Study material Block Start

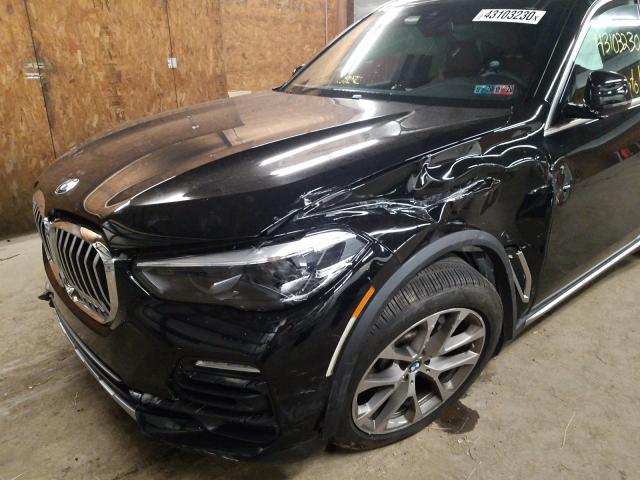 Photo 8 VIN: 5UXCR6C55KLK99837 - BMW X5 XDRIVE4 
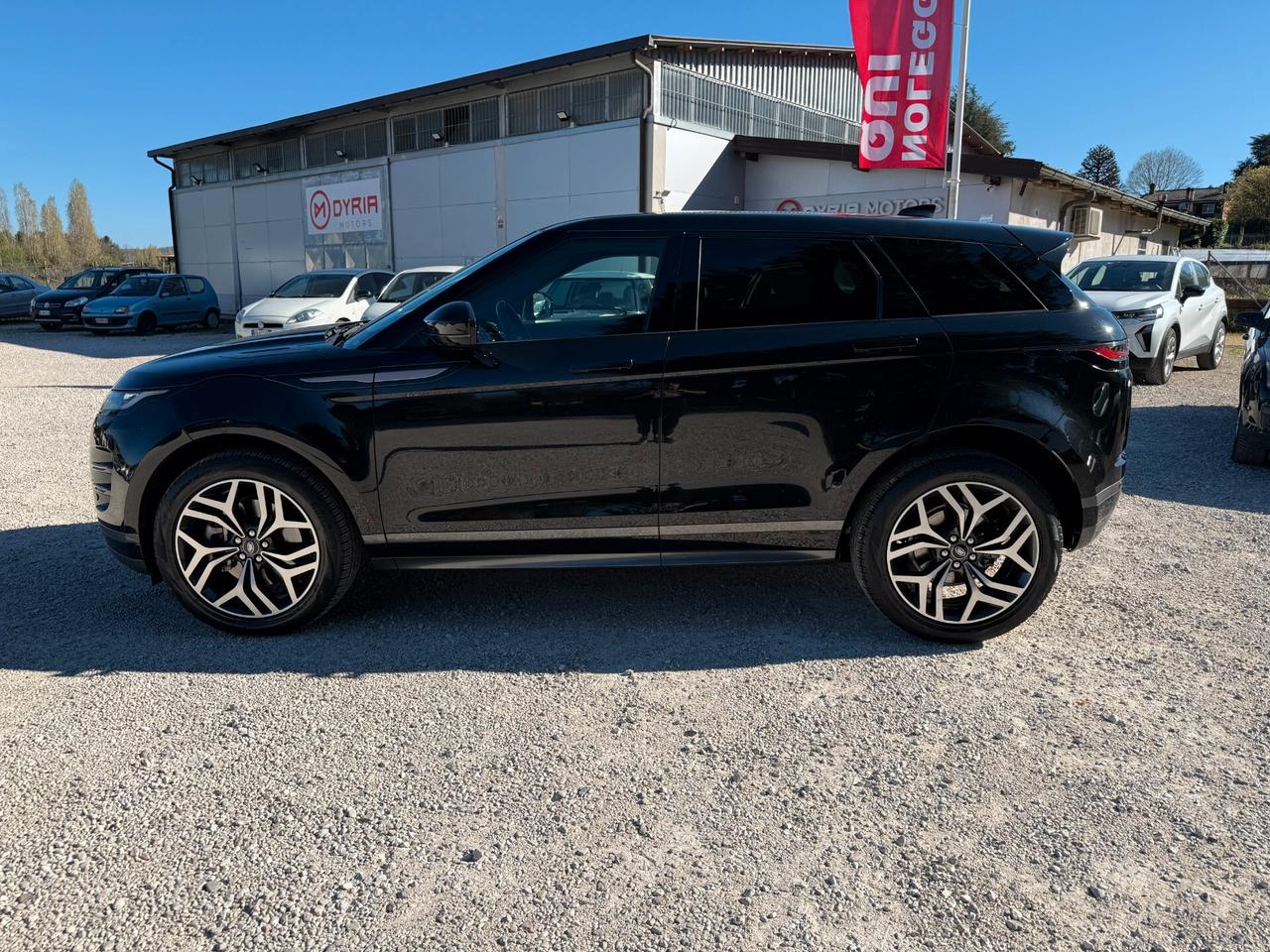 Land Rover Range Evoque 2.0D 163 CV AWD Auto R-Dynamic SE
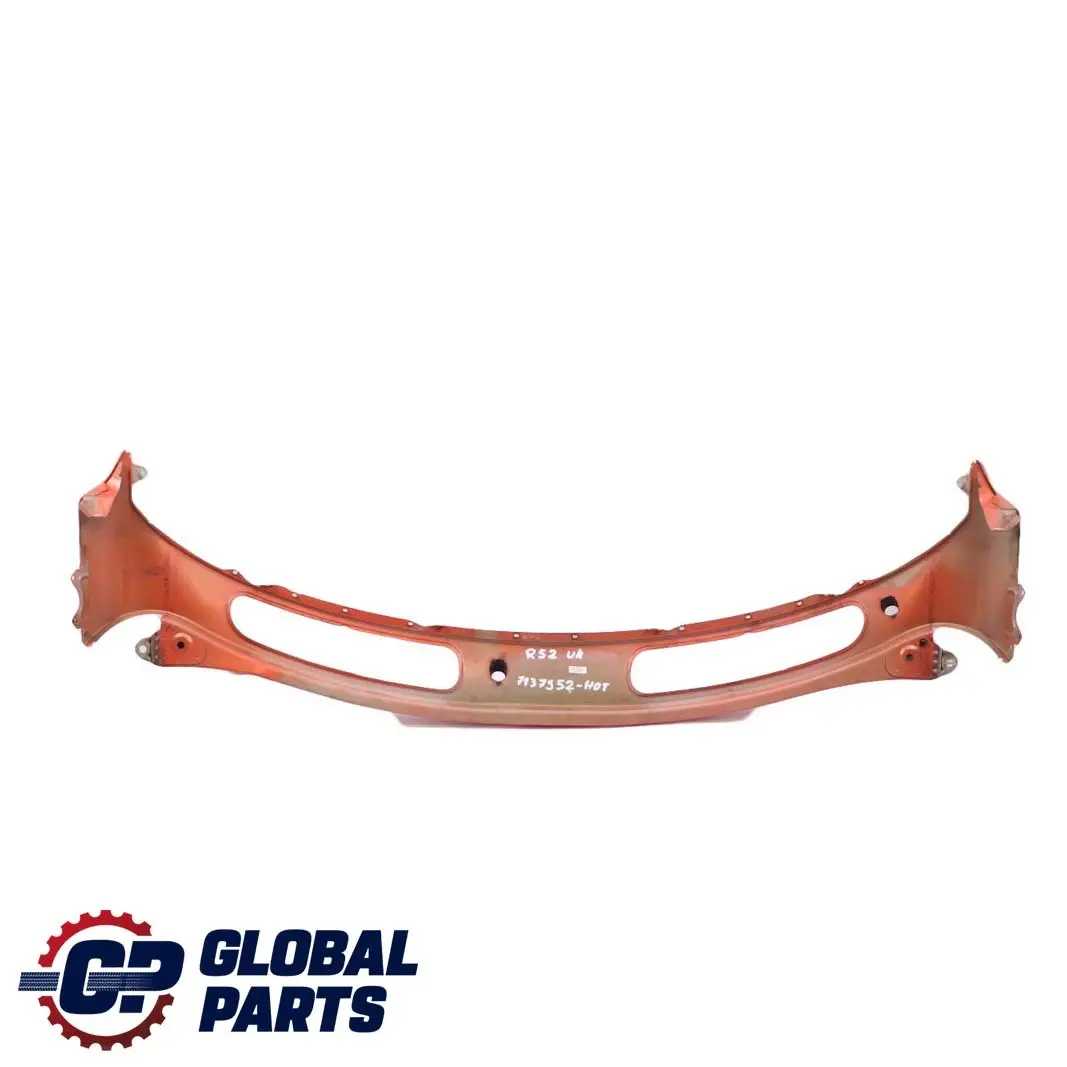 MINI Cooper One R50 R52 R53 Windscreen Scuttle Panel Cover Hot Orange Metallic - A26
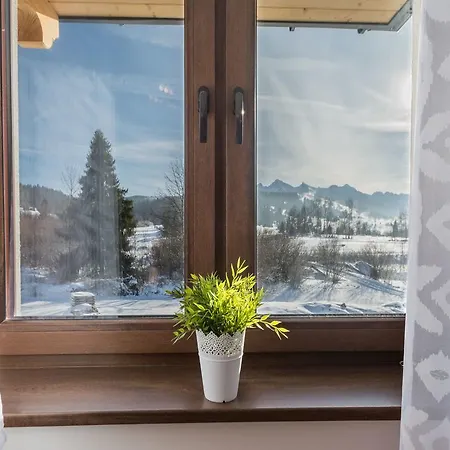 Tatrytop Jurgow Ski Exterior photo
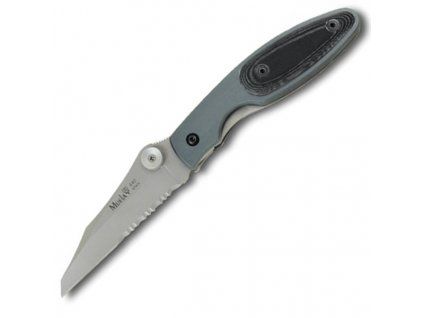 Muela folding knife
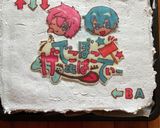 すとぷりさとみくんころんくんキャラチョコ作り方8写真
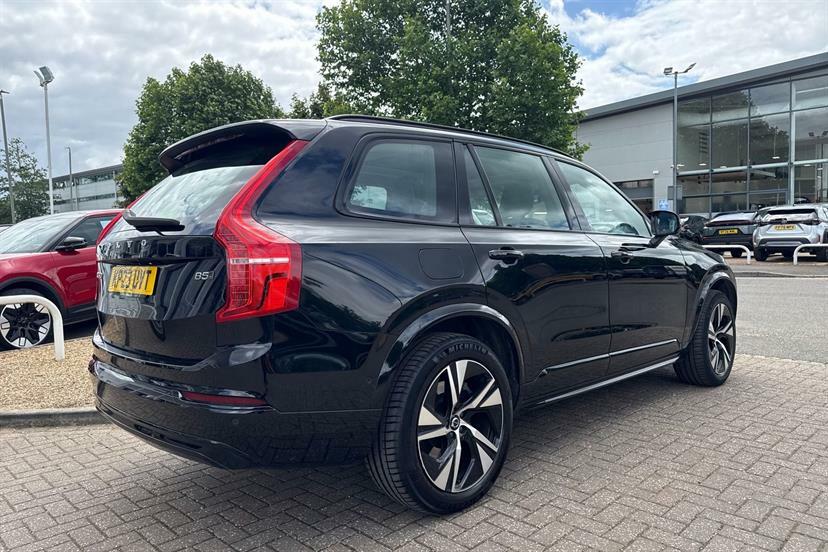 Volvo XC90 Xc90 2.0 T8 455 Rc Phev Ultimate Dark Awd Gt Grey #33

Study material Block End

**Exercise brief:** Would you give again, exactly, the lines in the data above that run from the line containing "Land Rover Range" to the line containing "すとぷりさとみくんころんくんキャラチョコ作り方8写真"? Include both ends and no pictures.

**Task answer:**
 Land Rover Range Evoque 2.0D 163 CV AWD Auto R-Dynamic SE
 MINI Cooper One R50 R52 R53 Windscreen Scuttle Panel Cover Hot Orange Metallic - A26
 Tatrytop Jurgow Ski Exterior photo
 Muela folding knife
 すとぷりさとみくんころんくんキャラチョコ作り方8写真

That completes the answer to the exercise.